Mental and physical changes that typically accompany aging can significantly diminish an elderly driver’s ability to operate a motor vehicle safely. Unfortunately, there is no magic number that tells older people when it’s time to hand over the keys. Since aging affects each individual’s cognitive and motor skills differently, some people need to put the brakes on driving long before others might. Knowing the warning signs of an unsafe elderly driver can help family members and caregivers determine when it’s time to say when.
How Aging Affects Driving Ability
Drivers of all ages rely on the complex coordination of a variety of skills to operate a vehicle safely. As people age, physical or mental impairments can begin to develop. As a result, many elderly drivers become unable to use the necessary skills and abilities required to drive and the risk for serious, or even deadly accidents increases. A few of the effects of aging include:
- Slower reaction time
- Poor coordination
- Vision and hearing impairments
- Effects from medications
- Impaired judgment, concentration, and focus
Knowing When It’s Time to Take the Keys
Making the decision to address an elderly driver’s declining abilities is quite possibly one of the most difficult challenges caregivers face. Because driving often represents freedom, independence, and dignity, many elderly individuals become hurt, defensive or even angry when the topic of their driving abilities is brought up. Despite the possible conflict ahead, however, it is important for caregivers to recognize the signs of deteriorating driving skills and act accordingly to preserve the safety of their aging loved one and the motorists and pedestrians they share the roads with.

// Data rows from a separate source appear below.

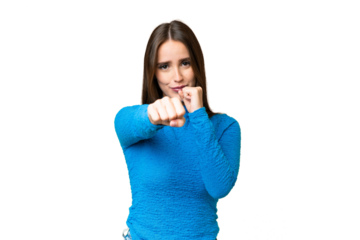 Young beautiful woman over isolated chroma key background with fighting gesture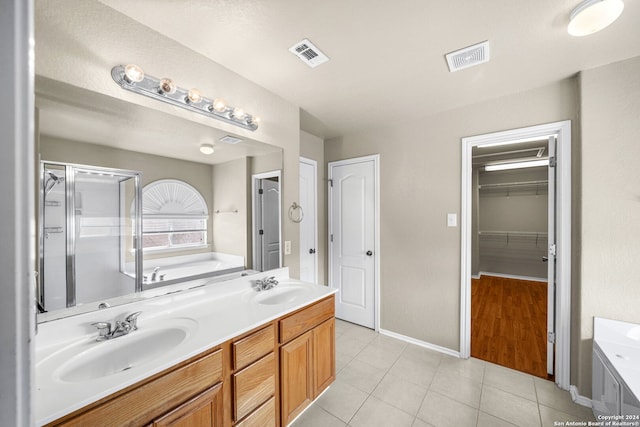 full bathroom with a bath, a sink, and visible vents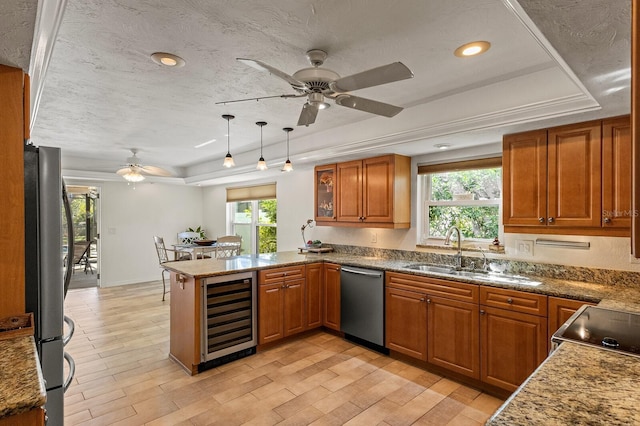 kitchen featuring beverage cooler, stainless steel appliances, a tray ceiling, and a peninsula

It may be time to consider taking the keys when older drivers disobey street signs and traffic lights, appear disoriented or confused while driving, forget where they are headed or how to get to their destination, or drift across lanes. Frequent near-misses or car crashes may also indicate that it is time to re-evaluate a driver’s abilities.
Confronting Elderly Drivers At Risk
When careful observation indicates that it may be time to confront an unsafe, elderly driver, the subject should be addressed gently. Oftentimes an older individual will be more apt to recognize the reality of the issue if the decision is left in his or her hands. If a dangerous elderly driver is unwilling to stop driving, other options like interventions from family members, doctors and even the DMV might be effective.